ごらんのように as a phrase in itself means “as you can see”. I recommend the vocab sheet
I don’t have time right now to look at the rest in detail, except to say that in the last sentence she definitely swallowed some bread, not a pen
Well つける can mean “to attach”, which is kind of what you are doing when you name something. And the jisho entry for つく explicitly mentions being given a name, so it’s reasonable to extrapolate that out to つける for a transitive version.
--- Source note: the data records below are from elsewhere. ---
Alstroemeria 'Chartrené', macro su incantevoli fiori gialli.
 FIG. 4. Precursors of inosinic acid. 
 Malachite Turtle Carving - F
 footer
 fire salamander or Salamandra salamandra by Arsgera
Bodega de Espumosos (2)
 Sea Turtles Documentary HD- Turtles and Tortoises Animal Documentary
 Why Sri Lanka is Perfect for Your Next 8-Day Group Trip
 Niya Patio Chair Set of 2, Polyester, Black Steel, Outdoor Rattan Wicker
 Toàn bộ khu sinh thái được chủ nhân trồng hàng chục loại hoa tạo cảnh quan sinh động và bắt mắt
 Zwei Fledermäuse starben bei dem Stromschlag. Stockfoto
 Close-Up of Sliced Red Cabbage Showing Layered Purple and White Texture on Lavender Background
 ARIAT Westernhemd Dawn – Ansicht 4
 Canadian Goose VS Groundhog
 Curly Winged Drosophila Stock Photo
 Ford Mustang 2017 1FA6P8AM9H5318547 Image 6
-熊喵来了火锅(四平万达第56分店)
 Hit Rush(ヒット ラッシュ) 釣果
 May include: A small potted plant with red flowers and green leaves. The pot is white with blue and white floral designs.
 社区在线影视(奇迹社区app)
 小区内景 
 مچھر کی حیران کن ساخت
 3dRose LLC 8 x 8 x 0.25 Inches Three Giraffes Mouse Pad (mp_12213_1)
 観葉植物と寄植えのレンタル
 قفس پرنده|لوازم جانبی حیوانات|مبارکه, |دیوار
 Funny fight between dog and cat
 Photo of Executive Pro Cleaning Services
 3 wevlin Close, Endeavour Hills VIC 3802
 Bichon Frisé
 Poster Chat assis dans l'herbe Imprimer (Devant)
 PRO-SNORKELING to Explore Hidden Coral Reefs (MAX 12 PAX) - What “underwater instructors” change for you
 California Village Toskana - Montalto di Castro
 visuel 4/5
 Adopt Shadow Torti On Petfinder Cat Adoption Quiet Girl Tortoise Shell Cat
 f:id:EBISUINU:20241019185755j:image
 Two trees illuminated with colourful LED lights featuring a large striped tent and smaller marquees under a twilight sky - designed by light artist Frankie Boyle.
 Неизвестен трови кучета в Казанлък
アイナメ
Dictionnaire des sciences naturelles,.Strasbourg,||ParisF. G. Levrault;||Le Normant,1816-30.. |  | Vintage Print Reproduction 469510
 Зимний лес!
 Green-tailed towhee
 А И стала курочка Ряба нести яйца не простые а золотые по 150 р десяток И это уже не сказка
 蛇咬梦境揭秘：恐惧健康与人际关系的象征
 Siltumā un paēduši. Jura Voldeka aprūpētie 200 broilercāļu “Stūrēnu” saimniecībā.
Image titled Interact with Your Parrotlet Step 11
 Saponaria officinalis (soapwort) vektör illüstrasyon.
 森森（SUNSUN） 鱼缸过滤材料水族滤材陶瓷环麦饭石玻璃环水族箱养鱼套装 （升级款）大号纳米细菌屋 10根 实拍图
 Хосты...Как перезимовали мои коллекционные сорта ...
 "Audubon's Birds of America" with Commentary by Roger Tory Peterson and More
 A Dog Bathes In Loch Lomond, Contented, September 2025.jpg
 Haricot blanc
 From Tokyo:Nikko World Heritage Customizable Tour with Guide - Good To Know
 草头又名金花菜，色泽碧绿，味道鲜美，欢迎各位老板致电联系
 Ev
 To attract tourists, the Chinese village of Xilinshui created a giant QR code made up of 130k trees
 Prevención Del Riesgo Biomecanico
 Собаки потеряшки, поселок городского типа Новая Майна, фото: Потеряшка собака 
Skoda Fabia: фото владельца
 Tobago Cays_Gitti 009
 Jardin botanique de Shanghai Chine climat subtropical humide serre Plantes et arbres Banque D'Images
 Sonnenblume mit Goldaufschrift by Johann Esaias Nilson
This translation does sound right, but I don’t know how else to translate it? Help, anyone? Isn’t “しめして” she pointed at one part of the book mountain and hurriedly there [did what?]
Edit: 飲み込もうとしていたらしく (p62)
What in the… gulp down [volitional] + try + if (tara) + rashii [conjunction version]? She seemed to try to gulp it down? Though that doesn’t take the tara into account.
I thought it was していた, followed by らしい - you’ve doubled up the ら in both your たら and your らしい. So it’s the [volitional + とする] construction meaning “try to”, as you deduced, but it’s just in past continuous form. And then stick a らしい on the end.
And I agree that’s she’s pointing with the pen in the previous sentence you quoted.
Edit: line 199 in the spreadsheet says “scientific” for the word 科学的, but the word I’m seeing in the book is 化学的 – “chemical” – according to jisho, though a verified Google translation says “scientific”… I changed it to “化学的 – scientific; chemical”
Edit 2: ここにきて、かわってるなって思いました。
Another thing I don’t get: is it ない?なる?Her ordering herself not to think of it as weird?
lol! still interesting… I’m finally back in the book…still in ch2 but I haven’t given up…I’ll have to edit this later but looked at the English book …there are 7 on the cover and inside there are 6 …amusing!